Prior to the end of 2023, Notice 2024-2 was issued from the Internal Revenue Service (“IRS”) providing guidance on miscellaneous changes to SECURE 2.0 Act of 2022 (“SECURE 2.0 Act).  While Notice 2024-2 is not meant to provide “comprehensive guidance,” the IRS issued the guidance to address “discreet issues” in order to assist with implementing certain provisions under SECURE 2.0 Act.  Notice 2024-2 focuses primarily on the following provisions:

  • Section 101 - expanding automatic enrollment in retirement plans

  • Section 102 - modification of credit for small employer pension plan startup costs

  • Section 112 - military spouse retirement plan eligibility credit for small employers

  • Section 113 - small immediate financial incentives for contributing to a plan

  • Section 117 - contribution limit for SIMPLE plans

  • Section 326 - exception to the additional tax on early distributions from qualified plans for individuals with a terminal illness

  • Section 332 - employers allowed to replace SIMPLE retirement accounts with safe harbor 401(k) plans during a year

  • Section 348 - cash balance plans

  • Section 350 - safe harbor for correction of employee elective deferral failures

  • Section 501 - provisions relating to plan amendments

  • Section 601 - SIMPLE and SEP ROTH IRAs

  • Section 604 - optional treatment of employer contributions or nonelective contributions as Roth contributions

In addition to addressing the above items, Notice 2024-2 also extended the deadline to amend retirement plans and incorporate required and discretionary plan amendments under SECURE Act, Section 104 of the Miners Act, section 2022 or 2203 of the CARES Act, section 302 of the Relief Act, and the SECURE 2.0 Act.  Accordingly, the new deadlines to adopt plan amendments are as follows:

  • Qualified plans that are not governmental plans or collectively bargained:  December 31, 2026;

  • Collectively bargained plans:  December 31, 2028; and

  • Governmental plans: December 31, 2029. 

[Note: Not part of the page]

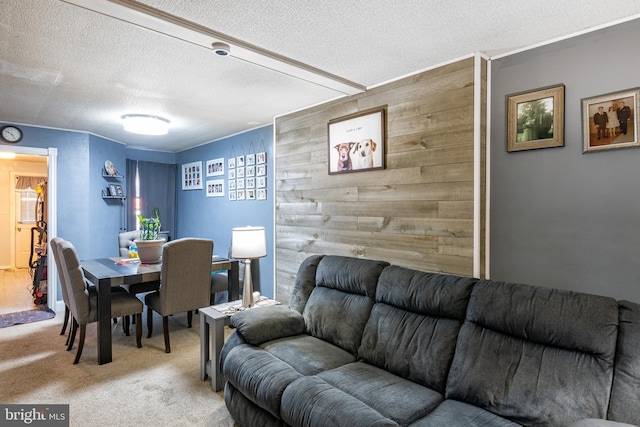 living room featuring a textured ceiling, wood walls, and light carpet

Finally, Notice 2024-2 clearly informs us that we can expect to see more from the Department of Treasury and the IRS as they “continue to analyze various provisions of the SECURE 2.0 Act and anticipate issuing further guidance, including regulations, as appropriate.”  Accordingly, while the extended deadlines to adopt plan amendments may provide a little breathing room for plan sponsors, many would also like to see the IRS address many of the other questions that remain with SECURE 2.0 and will welcome the additional guidance to come.